Sadly, I've experienced the loss of someone I knew due to suicide quite a few times. Each time it has happened, I've heard the word "selfish" come up. I know that anger is part of the grieving process, and that's about the time that it comes up. Loved ones say thing like "how could they do this to me?", or "how could they do something so selfish?". I remember when someone very close to me lost a loved one to suicide and a member of his family said "How could he do this to us?" to which my friend replied, "How could he do this to us? What must he have been going through to do that to himself? This has nothing to do with us!" That has always stuck with me and I think it's very true.
We are taught as children not to be selfish, but it isn't our nature. We are born selfish individuals. We cry until our needs our met, and then our parents spend the rest of our lives teaching us that our needs will not always be met immediately. As we age, we learn that being selfish is bad and that we must think of others. As parents we learn to put our children before everything else in our lives and we often forget ourselves in the process. We are allowed to give in to our selfish natures as infants only. After that selfishness is beat out of us by the bully of life.
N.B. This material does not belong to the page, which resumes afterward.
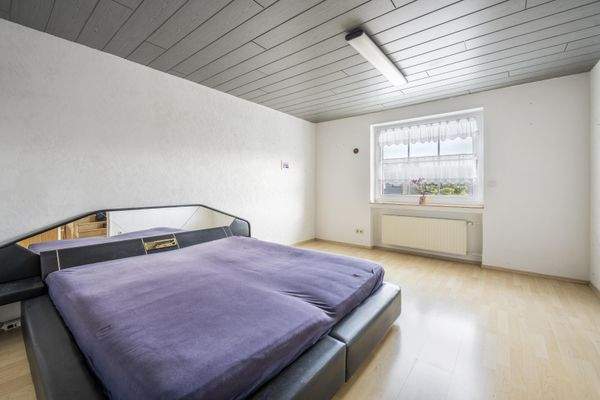 weiters Schlaf- oder Kinderzimmer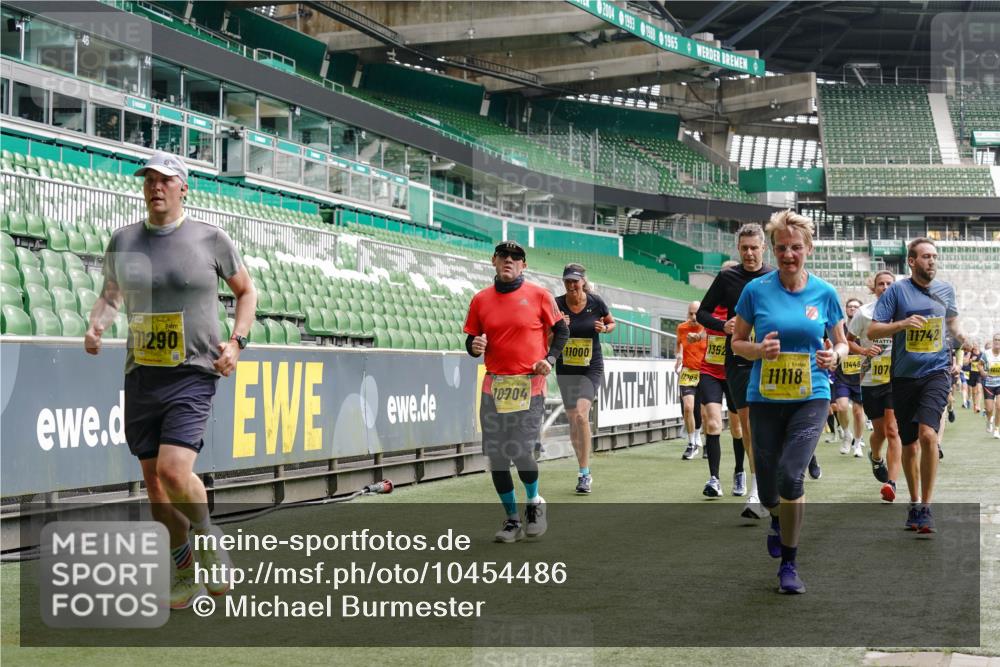 13.09.2026 - 21. swb-Marathon Bremen Michael Burmester http://msf.ph/oto/10454486 13.09.2026 10:32:28 Laufen im Stadion 10067, 10078, 10141, 10146, 10166, 10203, 10211, 10222, 10226, 10243, 10246, 10249, 10255, 10256, 10284, 10300, 10322, 10365, 10372, 10374, 10379, 10383, 10394, 10410, 10443, 10471, 10478, 10479, 10486, 10494, 10503, 10517, 10518, 10529, 10540, 10543, 10550, 10555, 10565, 10577, 10579, 10589, 10608, 10610, 10626, 10631, 10646, 10670, 10675, 10684, 10685, 10690, 10703, 10704, 10707, 10708, 10721, 10725, 10728, 10745, 10771, 10794 meine-sportfotos.de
But I'm writing this because I want to tell you to be positively selfish! That's right, think about yourself and only yourself! There is a way to be positive while being selfish and a negative way to be selfish. I'm advocating the positive method. My last serious relationship was sparked by my need to be loved by another adult and I gave everything I had to him and to my children. I did everything I could to make sure those three people were as happy as possible at all times. In that process I lost everything about myself that made me who I am. It has taken me a long time, but I've regained what I lost and more.
When my Weight Watchers leader asked if we had trouble taking time for ourselves, I said NO! I don't have any trouble taking time for myself. If I want to do something, I find a way to do it. But I do it all in the positive. My children have everything they could ever need and tons of love and attention. But if they have a mother who doesn't put herself as number one on her own list then their lives are lacking. I gained over sixty pounds putting them first, I quit a college degree because I put them first. I forgot everything I loved in life aside from them because I had been trained to put others first. Well that is over and has been for some time. I don't think anyone who knows me or my children would suspect that I'm so selfish. But I am positively selfish!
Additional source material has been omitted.